Le Québec est un précurseur, dans la francophonie, de la féminisation des titres et des textes. En 1979, l’Office québécois de la langue française proposait l’utilisation des formes féminines dans tous les cas possibles et en 2015, il recommandait la féminisation des appellations de personnes et la rédaction épicène.
Or, cet héritage, que l’on doit aux féministes des années 1970 et qui a fait la fierté et la spécificité québécoises depuis près de 50 ans, a complètement été occulté par le ministre des Finances Eric Girard, dans son discours du Budget 2023.
En effet, fini l’expression « les Québécoises et les Québécois », le ministre Girard s’est adressé à 31 reprises directement aux Québécois, et pas une fois aux Québécoises. Cet impair s’est répété alors qu’il s’est adressé neuf fois aux étudiants et cinq fois aux travailleurs, mettant ainsi de côté les étudiantes et les travailleuses.

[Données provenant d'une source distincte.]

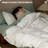 Bedsure Modern & Contemporary 100% Washed Linen Duvet Cover Set (Set of 3)-123119613-123119615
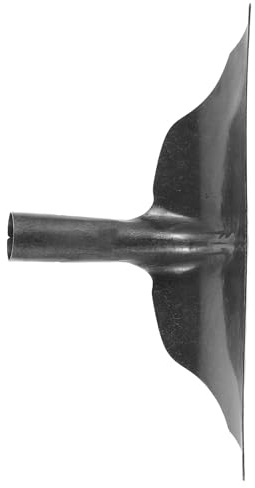 Beaupretty Pelle à Crottin de Cheval en Acier Manganèse Manche en Bois pour Nettoyage D'écurie et Élevage, Résistante à l'usure, Design Ergonomique, Outil Polyvalent pour Exploitation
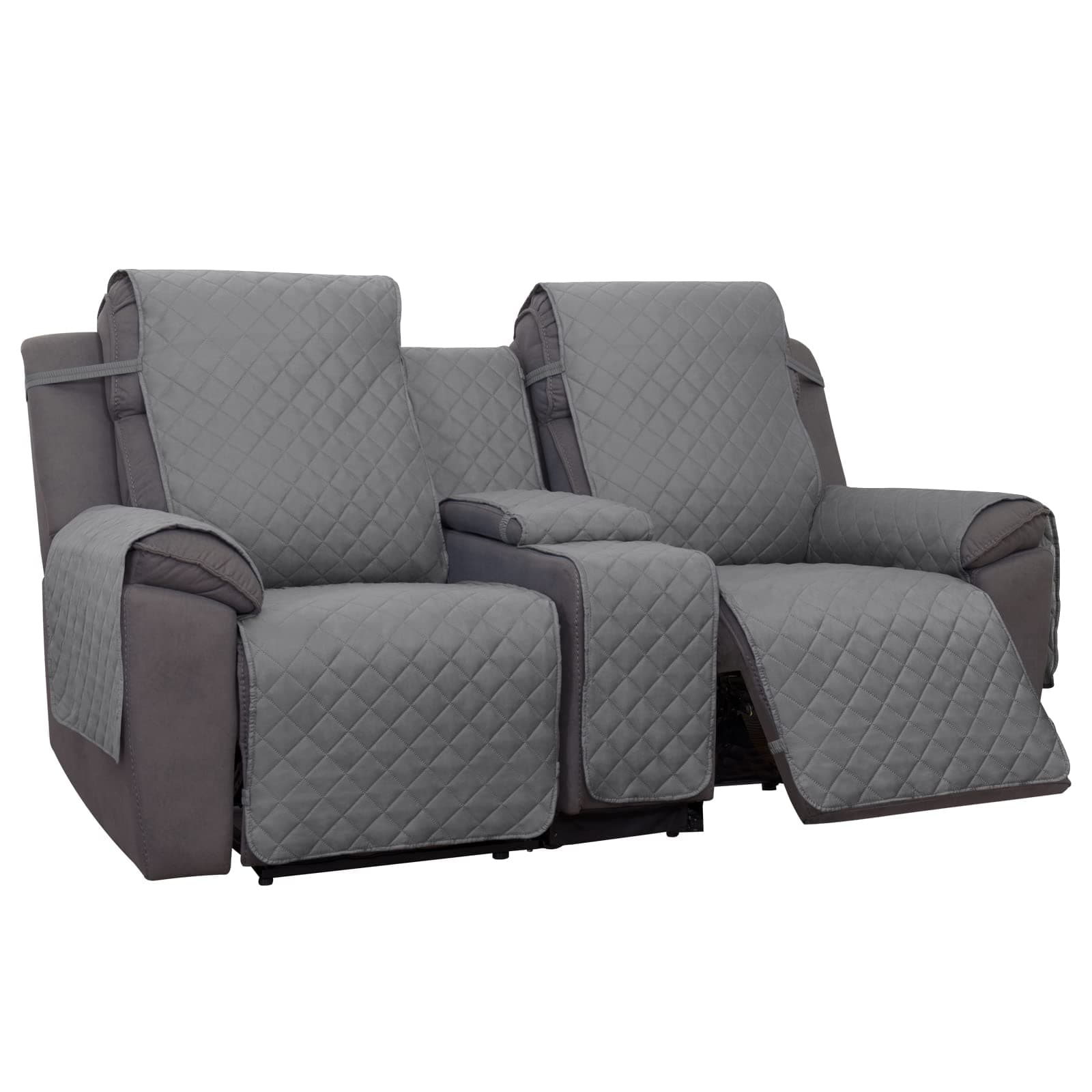 PureFit Water Resistant Reversible Loveseat Recliner Couch Cover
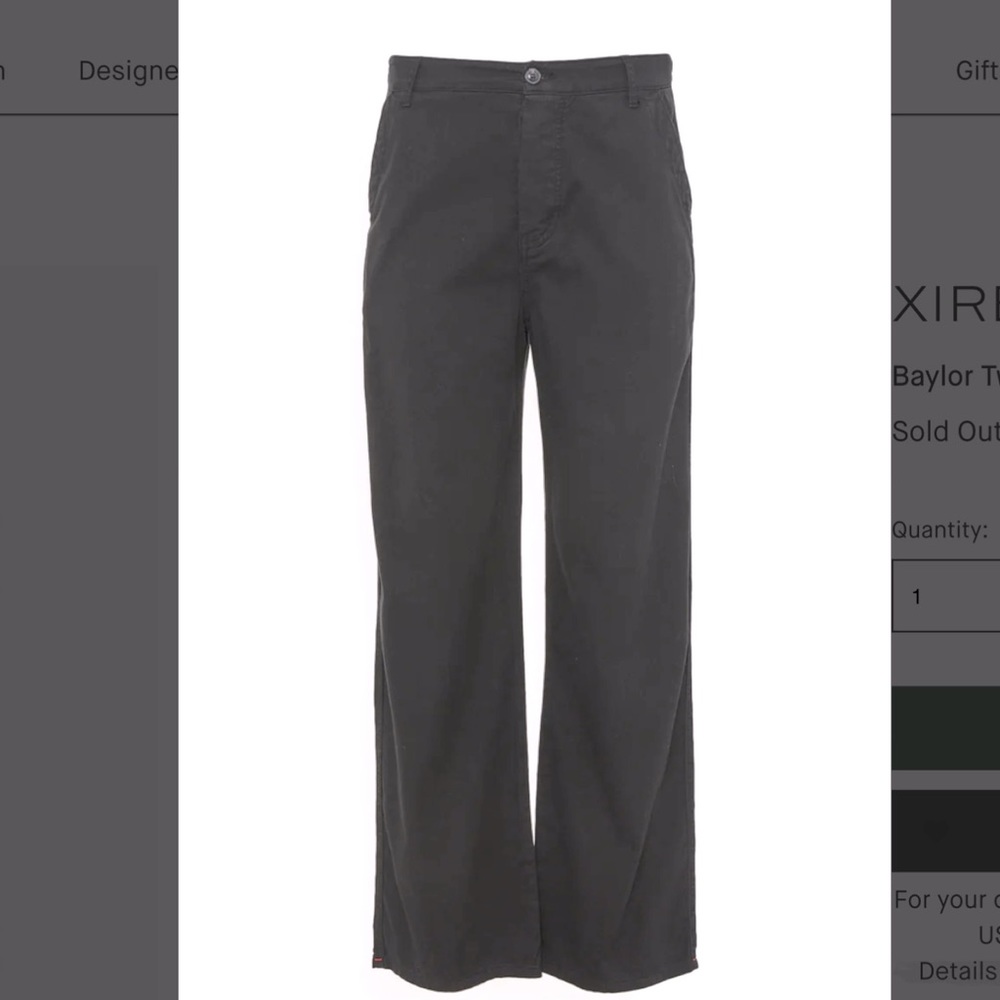 NWOT  Xirena Baylor Twill Pant
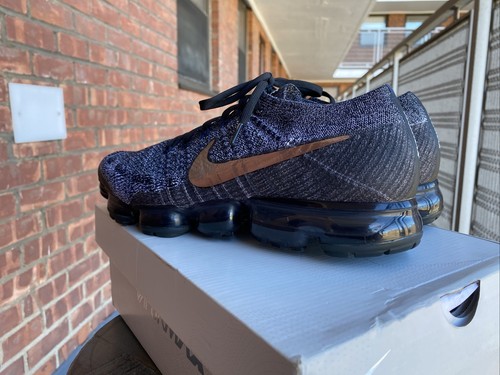 Nike Air Vapormax Flyknit 849558-010 11,5 Rose/Bronze Swoosh - Bild 5 von 8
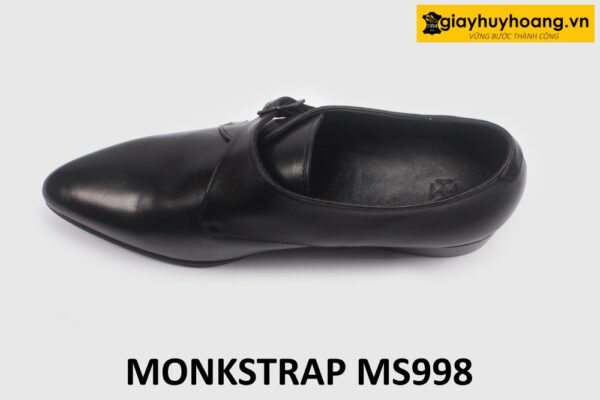 [Size 44] Giày da nam mũi nhọn sang trọng Monkstrap MS998 002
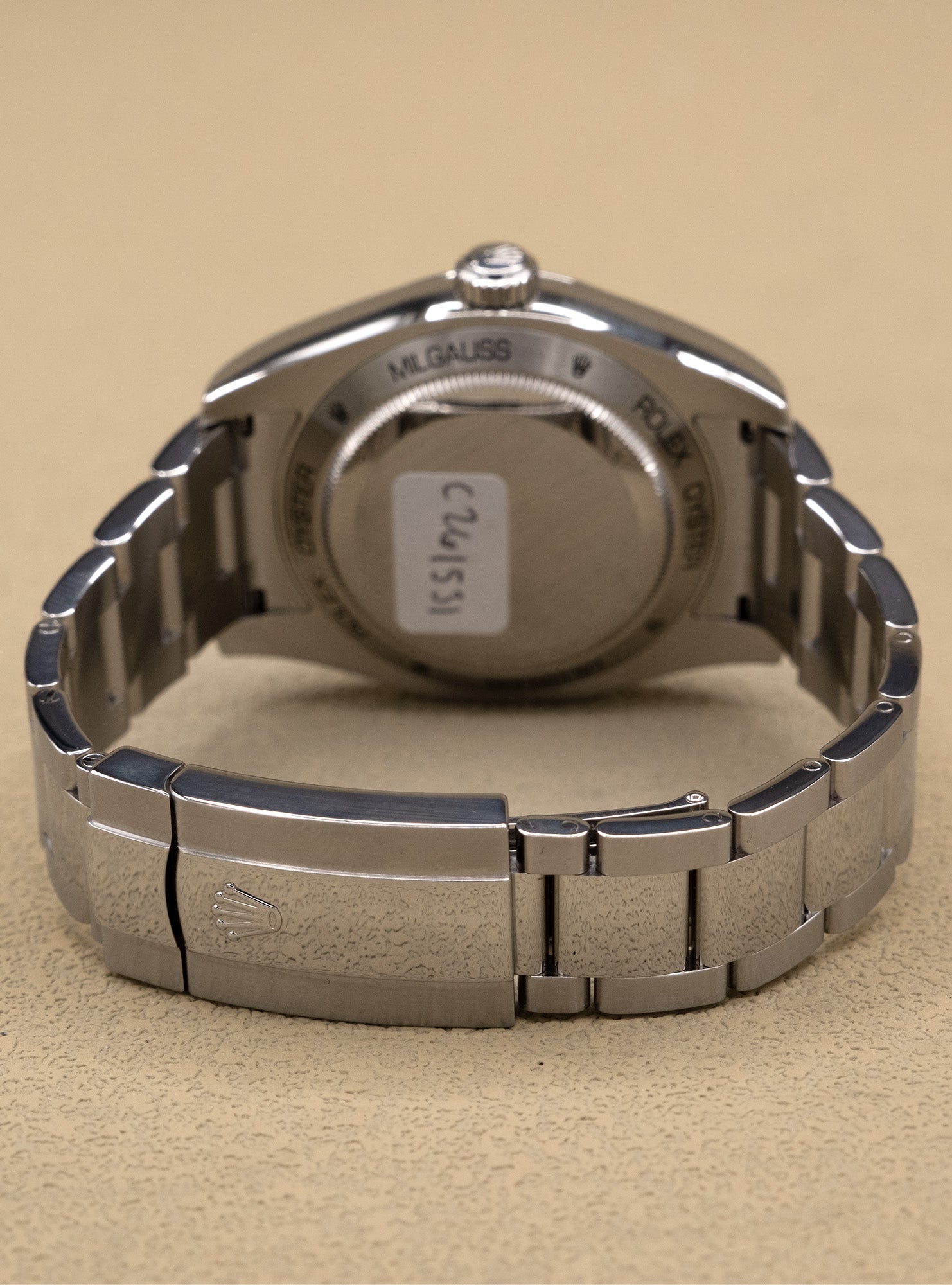 Rolex Milgauss Blue Dial on Oyster 116400GV Card 2018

Pourquoi mettre fin ainsi à une tradition québécoise qui a permis de reconnaître l’apport des femmes dans la société ? Il est vrai que d’autres ministres des Finances québécois, tels Nicolas Marceau, Carlos Leitão et Raymond Bachand, ont aussi agi de la sorte au cours des ans. Cependant, le ministre Girard a parlé, dans son budget, d’inclusion et d’égalité en plus de vouloir « promouvoir la culture et la langue ».
Que doit-on en conclure ? Que la féminisation des titres et des textes, qui a caractérisé le Québec pendant plusieurs années, ne fait plus partie de la culture québécoise à valoriser ? Que la culture québécoise exclut les femmes ?
Difficile, dans un tel contexte, de parler d’égalité entre les sexes, une des valeurs fondamentales du Québec, pourtant protégée par la Charte des droits et libertés de la personne du Québec.